Data provided:
----------

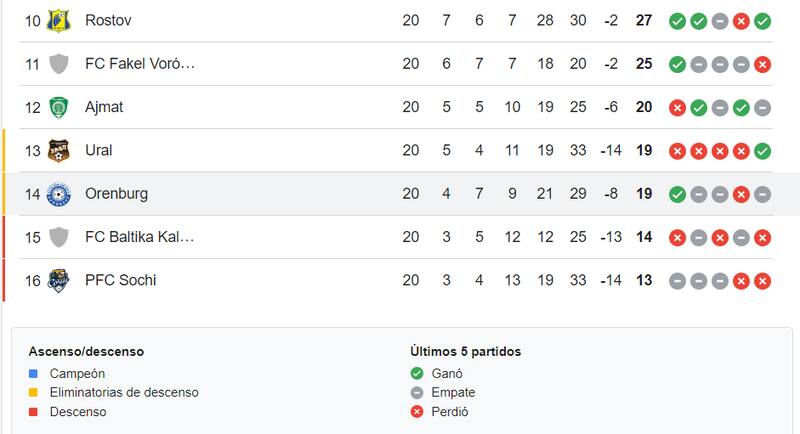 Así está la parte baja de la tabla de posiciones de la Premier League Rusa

----------

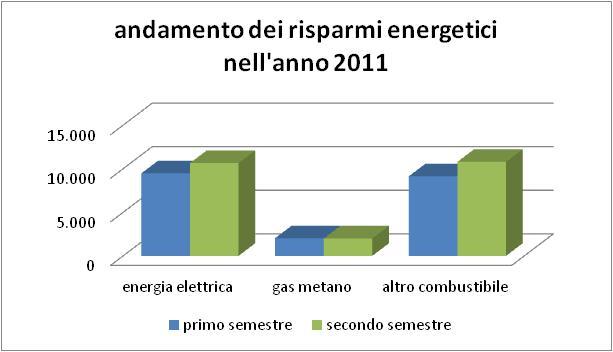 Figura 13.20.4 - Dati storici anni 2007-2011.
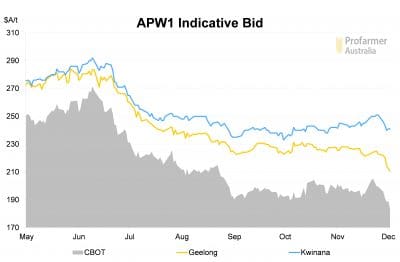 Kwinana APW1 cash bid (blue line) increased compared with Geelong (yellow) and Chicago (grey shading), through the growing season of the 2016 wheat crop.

----------

Problem: Would you copy out, exactly and with no pictures, only the lines above from the one that contains "Figura 13.20.4 - Dati" through the one that contains "Kwinana APW1 cash"?

Solution to this exercise:
 Figura 13.20.4 - Dati storici anni 2007-2011.
 Kwinana APW1 cash bid (blue line) increased compared with Geelong (yellow) and Chicago (grey shading), through the growing season of the 2016 wheat crop.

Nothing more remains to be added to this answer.